Your instructions: Write the listing out once more, identical to the original but without pictures.

Information supplied:
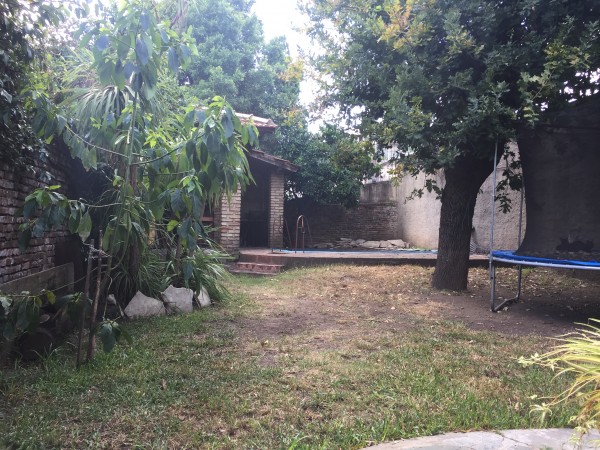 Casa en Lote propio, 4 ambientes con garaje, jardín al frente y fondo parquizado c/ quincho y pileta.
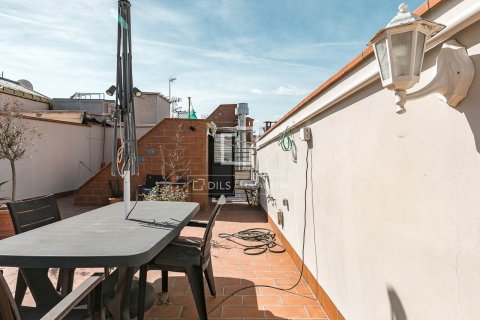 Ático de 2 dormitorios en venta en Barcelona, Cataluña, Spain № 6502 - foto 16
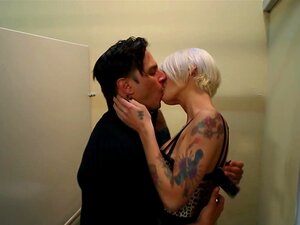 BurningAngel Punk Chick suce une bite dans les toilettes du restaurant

Expected answer:
 Casa en Lote propio, 4 ambientes con garaje, jardín al frente y fondo parquizado c/ quincho y pileta.
 Ático de 2 dormitorios en venta en Barcelona, Cataluña, Spain № 6502 - foto 16
 BurningAngel Punk Chick suce une bite dans les toilettes du restaurant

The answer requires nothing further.